All three apps are collaborations with third parties working in the health and well-being space, with ustwo bringing in psychological expertise for Moodnotes via LA-based mobile app firm Thriveport, and working with Danish mental wellness company PauseAble on Pause — and now also with Sway.

Sway is very much a continuation of the thinking behind Pause, which ustwo said was aiming to draw on “ancient Tai Chi and mindfulness practice.” That app involved guiding users to touch the screen of their device and move an amorphous blob around slowly as a way to slow down, relax and achieve a moment or two of calm.

With Sway, the movement element expands beyond just an on-screen movement to encompass the whole body, with users guided by on-screen instructions, music and moving visuals to focus their attention and make slow and gentle movements — these can be whole-body movements or just moving the hand that’s holding the phone.

Sway starts with a couple of minutes of guided “swaying” and gradually increases the time of each daily session until the user is clocking 20 minutes of movement per day. A series of levels are also unlocked as you progress, encouraging a range of different movements aimed at relaxing the user.

As well as displaying text instructions to get sessions started, the screen of the Sway app is given over to soothing visuals — consisting of a generative soundscape of undulating hills in pastel-toned gradient colors that morph and change form and color while you move back and forth. Users are encouraged to don headphones and soak themselves in the tranquil accompanying music.

After a few moments, the app also moves on to instructing the user to look away from the screen so a relaxation session can continue with a phone tucked entirely out of sight, in a pocket say, with just music and physical movement left.

If this is all sounding a bit too hippie for your tastes, ustwo is claiming it can back up its theory of “interactive meditation” being effective for relaxation purposes, and more accessible — and more effective in noisy environments — than audio-guided meditations based on a series of studies it commissioned.

The basic argument being you might be able to more easily fit one of its “interactive meditation” sessions into, for example, your daily commute or your office environs, where it might be harder to concentrate on a more traditional audio-guided meditation given all the distracting activity going on around you.

The studies were carried out by Professor Xiangshi Ren at the Center for Human Engaged Computing at the Kochi University of Technology in Japan, and compared ustwo’s earlier Pause app with the audio-guided meditation app Headspace.

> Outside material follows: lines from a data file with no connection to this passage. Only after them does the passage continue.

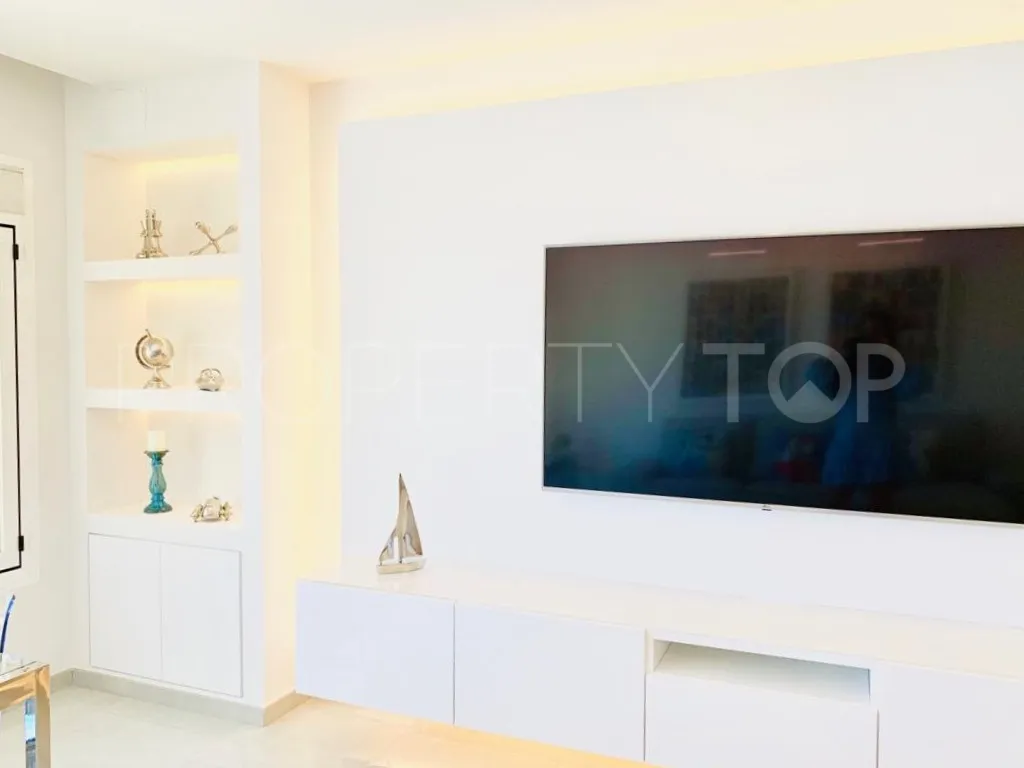 Apartamento en venta en Marbella - Puerto Banus con 2 dormitorios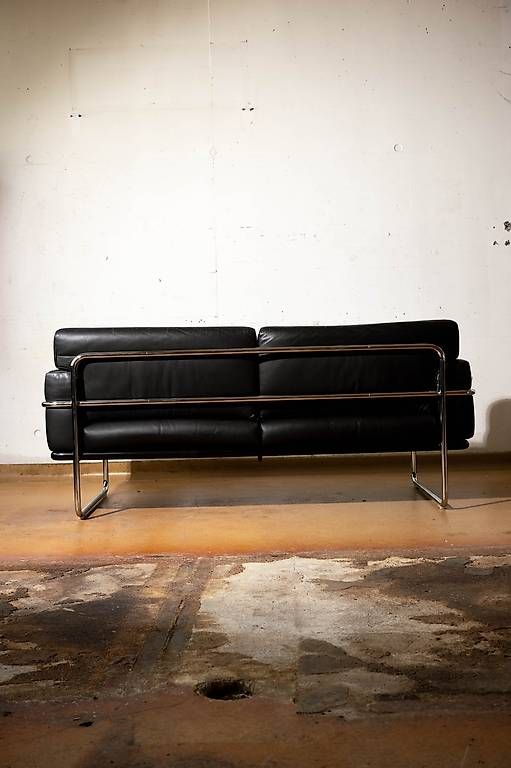 Divani: Ledersofa Corbusier Stil | Design Klassiker | Chrom – Usato da Rain venduto da luis_nabulon8 1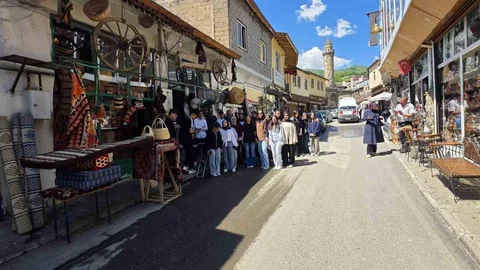 Muş'ta Öğrenciler Tarihi Mekanları İnceledi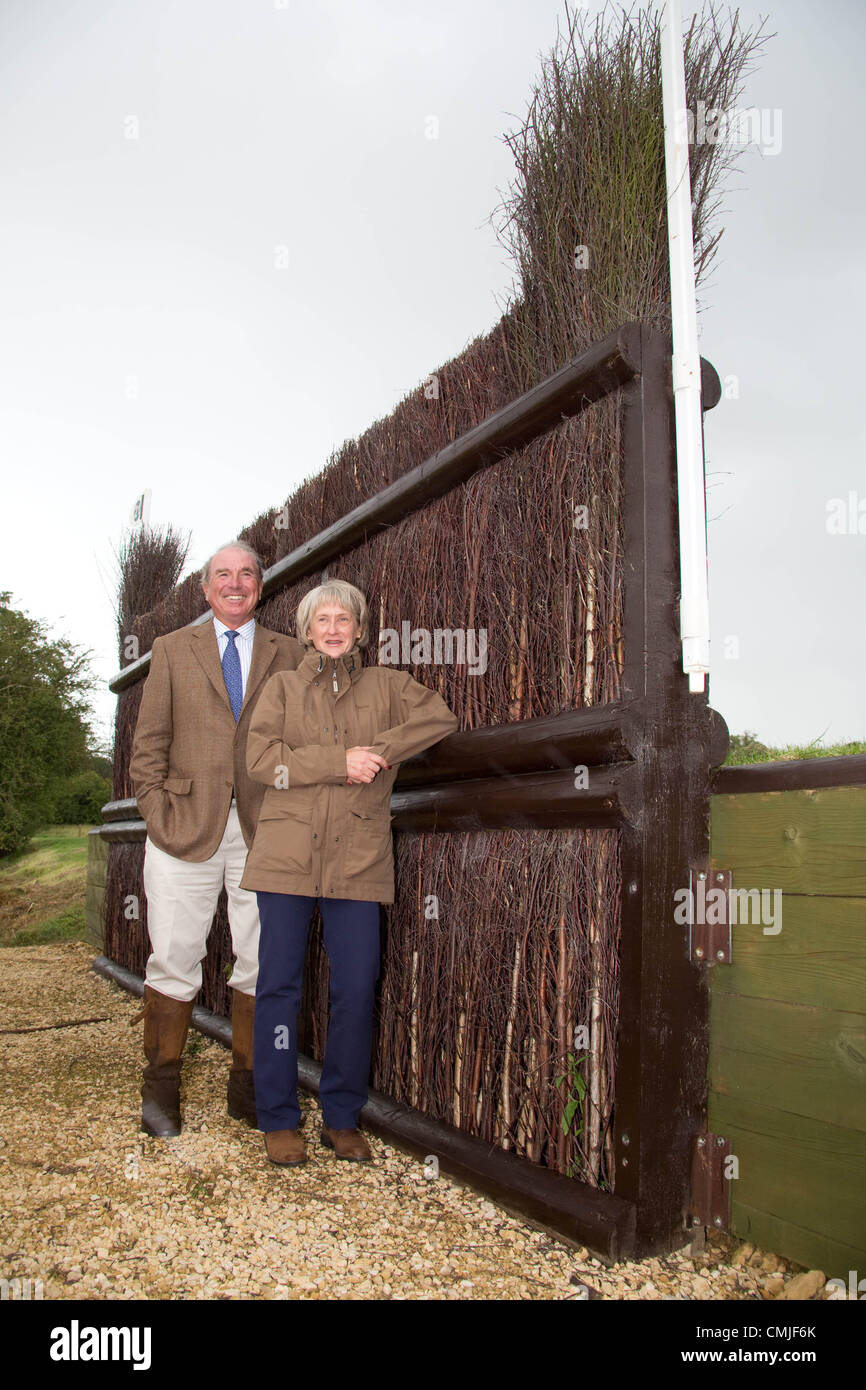 16.8.2012 la Land Rover Burghley Horse Trials Media Briefing giorno,Burghley House,Stamford, Lincolnshire. Corso Designer capitano Mark Phillips e direttore della manifestazione Elizabeth Inman Foto Stock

However they only involved a small number of participants, and were not placebo-controlled. “To date we’ve only focused on validating its functional effects, and not yet done any placebo-controlled trials — this is something we’ll definitely explore,” says a spokesman.

They also weren’t studying the effectiveness of Sway specifically — but testing its predecessor Pause. Albeit, ustwo is arguing both apps are essentially utilizing the same physically interactive approach to encouraging mindfulness and relaxation.

And, well, at the end of the day if an app ends up making some people feel calmer because they think it’s helping them feel calmer it’s arguably doing something positive (even if not necessarily for the reasons claimed).

As with ustwo’s other mobile health apps, Sway — which launches tomorrow — will be a paid download, this time priced at $2.99.

The earlier Pause app ($1.99) has had around 400,000 downloads to date, while Moodnotes ($3.99) has clocked around 40,000 downloads on iOS, with an Android version also due to launch “within weeks.”